The Republican Senatorial Campaign Committee has released a poll of 1,600 Arkansans that it says shows U.S. Sen. Mark Pryor is in trouble in his re-election bid.
I’d be the last to suggest he doesn’t face a tough battle.
But …. The poll says 47 percent will vote Republican in the Senate election regardless of candidate and, surprise, 47 percent also don’t think Mark Pryor should be re-elected.
Elections are about choices, however.
A significant element omitted from this poll is a matchup of Mark Pryor against a Republican candidate.
I’ve mentioned previously that a labor-friendly group has a poll that shows Pryor leading Tom Cotton 43 to 35.
The polls aren’t as dissimilar as either side might lead you to believe. Pryor doesn’t have majority support. Neither does an unnamed (and thus baggage-free) Republican. The fight is for the sliver undecided. That’s my story and I’m sticking with it.
SPEAKING OF TOM COTTON: More today from writers mining the opinion columns Cotton wrote as a Harvard undergraduate. He didn’t like campus radicals much, a good thing, according to a conservative admirer. He seemed to fault Harvard for failing to “tame the barbarians.”
Here’s Tom Cotton, too, on Bill Clinton’s “degeneracy.” In commenting on the Lewinsky affair:
The truth will emerge, and the truth is that Clinton had a sexual relationship with Lewinsky, which of course means that Clinton lied to the American people last Monday when he looked into the camera, stuck out his chin, shook his finger and denied the allegations. When faced with that undeniable reality, Americans must respond in one of two ways.
Clinton may lose his support, which means trouble for him. Or Clinton may retain his support, which means trouble for us. If we continue to ignore Clinton’s degeneracy, the real story then becomes our degeneracy. A self-governing people that cannot make the most obvious and rudimentary moral judgments about such matters and its rulers may not be self-governing much longer.
We do know what choice voters made. And it wasn’t on the side of those who’d take food from the mouths of poor children.
The friendly piece on Cotton’s time at Harvard was prompted by another critical piece in the Daily Caller.
Arkansas Rep. Tom Cotton, who announced this week that he will challenge Democratic Sen.
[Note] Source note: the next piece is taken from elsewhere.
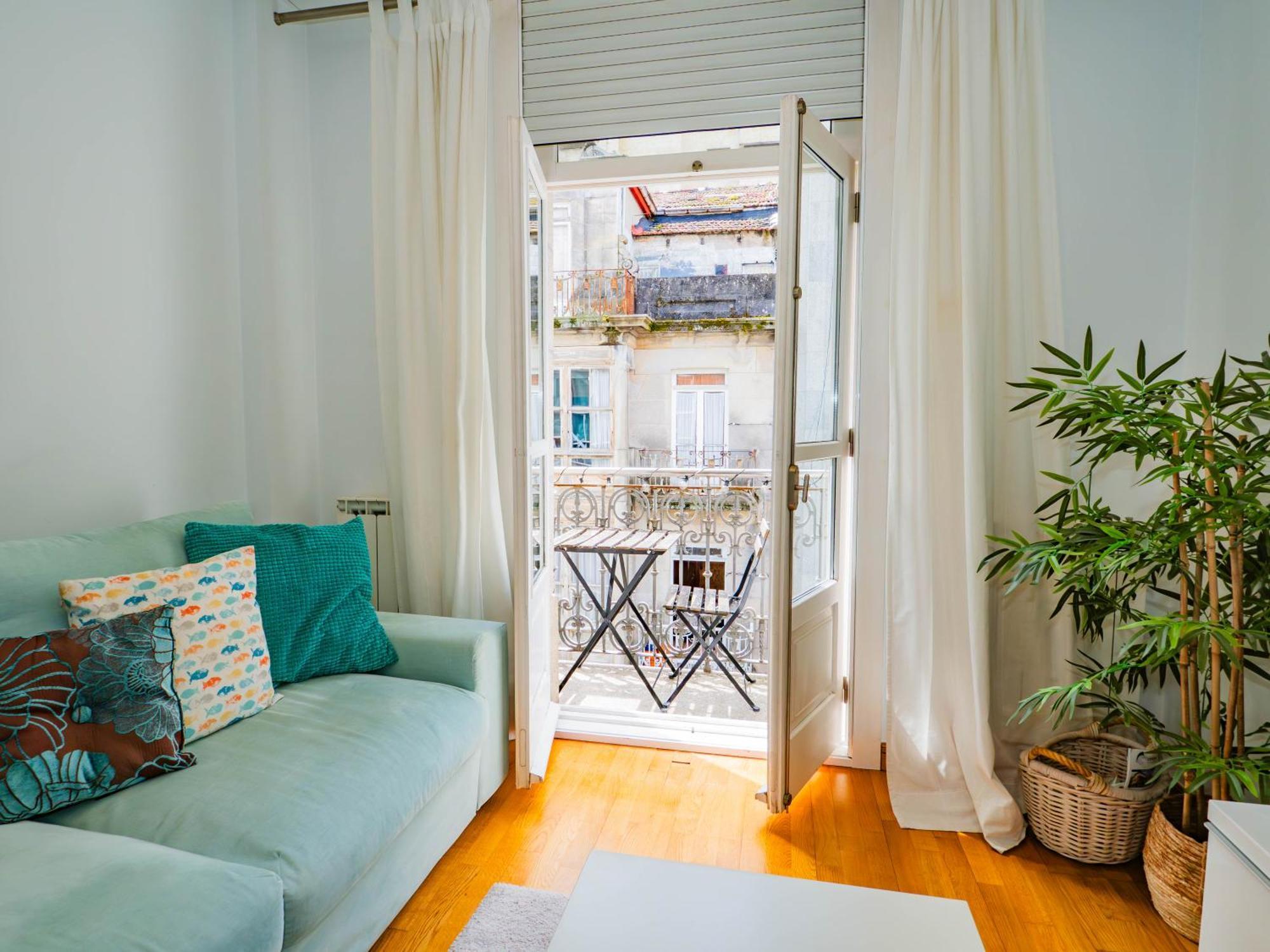 شقة Luxury Centro De Vigo Balcony المظهر الخارجي الصورة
Mark Pryor, attacked alcohol vendors, called for mandatory financial disclosures of campaign donations, favored banning cigarettes, and attacked libertarianism while he was a Harvard student.
In a twice-weekly column for the Harvard Crimson, Cotton — who has been called a “Republican’s dream” by National Review and an “extraordinary figure” by the Weekly Standard — criticized politicians for not doing enough to oppose tobacco and wrote a laudatory 1996 piece praising Bill and Hillary Clinton.